Transcribe the data as written, minus images.

---------- AVAILABLE DATA ----------

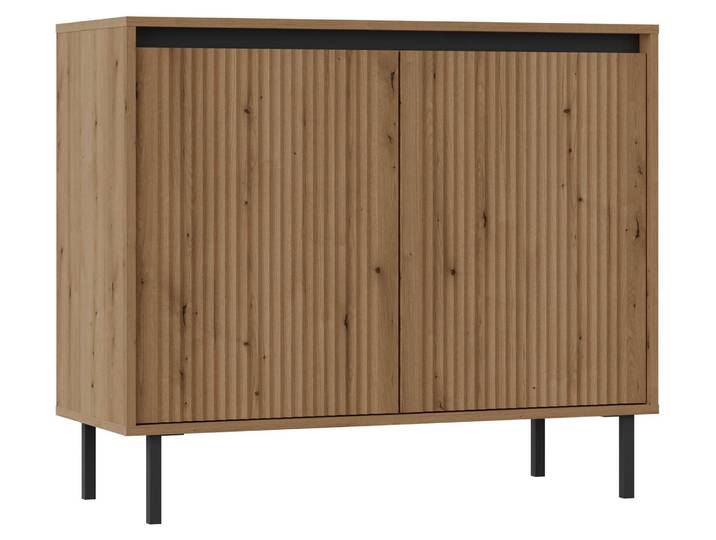 Selsey Osaka - Buffet 2 portes avec façades cannelées\, aspect chêne Evoke\, 100 cm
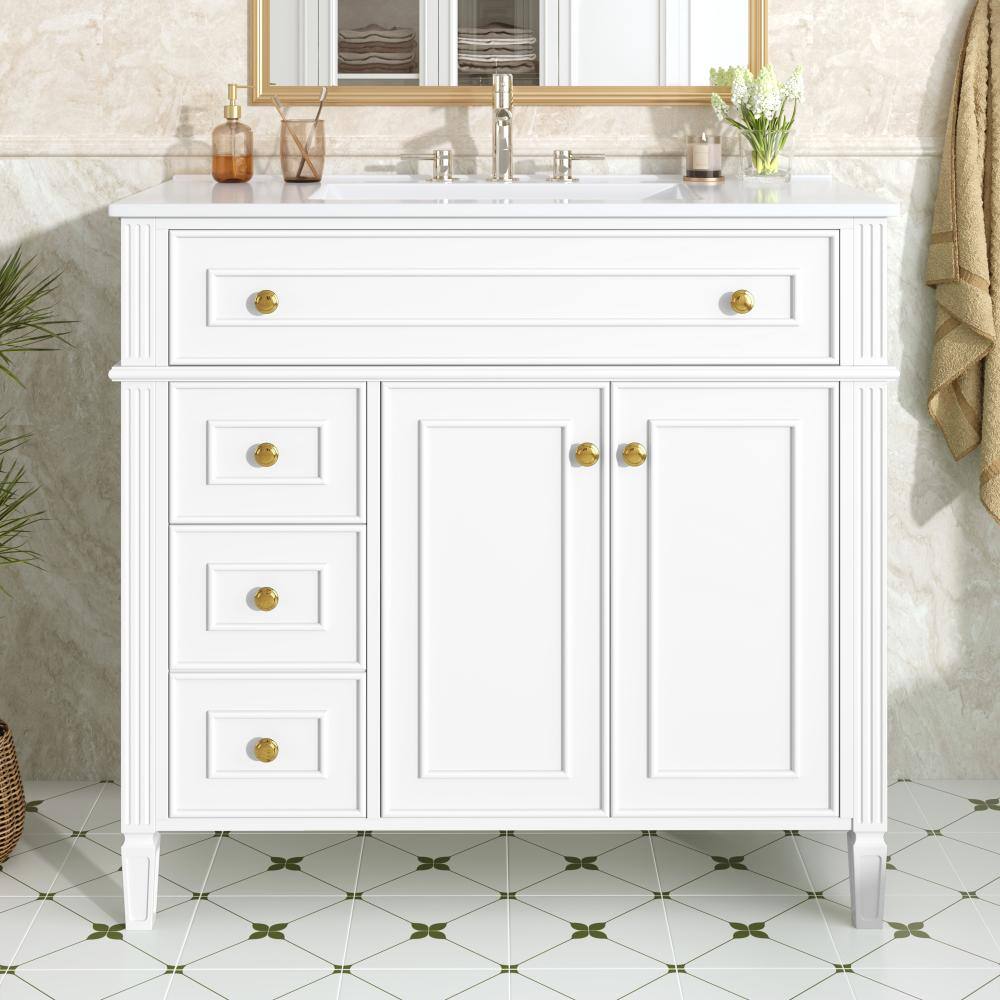 36-Inch White Bathroom Vanity Cabinet with Ceramic Sink,Spacious Storage with Drawers,Doors price history on PriceWatchPro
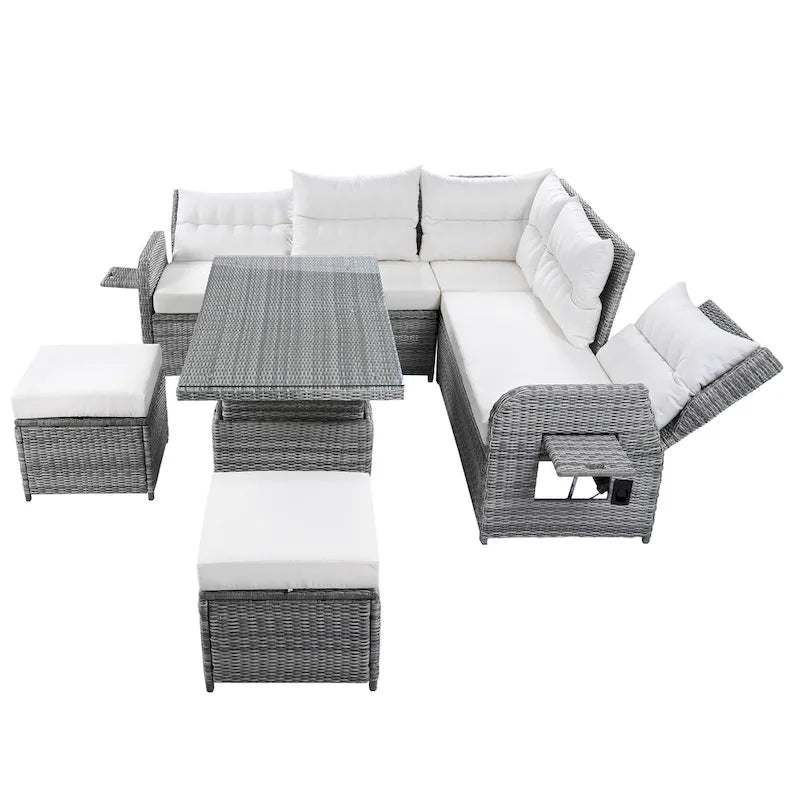 Set divano componibile in rattan da esterno con tavolo ad altezza regolabile e 2 sedute reclinabili, tavolini laterali estensibili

----------

* **RESULT FOR THIS EXERCISE**
 Selsey Osaka - Buffet 2 portes avec façades cannelées\, aspect chêne Evoke\, 100 cm
 36-Inch White Bathroom Vanity Cabinet with Ceramic Sink,Spacious Storage with Drawers,Doors price history on PriceWatchPro
 Set divano componibile in rattan da esterno con tavolo ad altezza regolabile e 2 sedute reclinabili, tavolini laterali estensibili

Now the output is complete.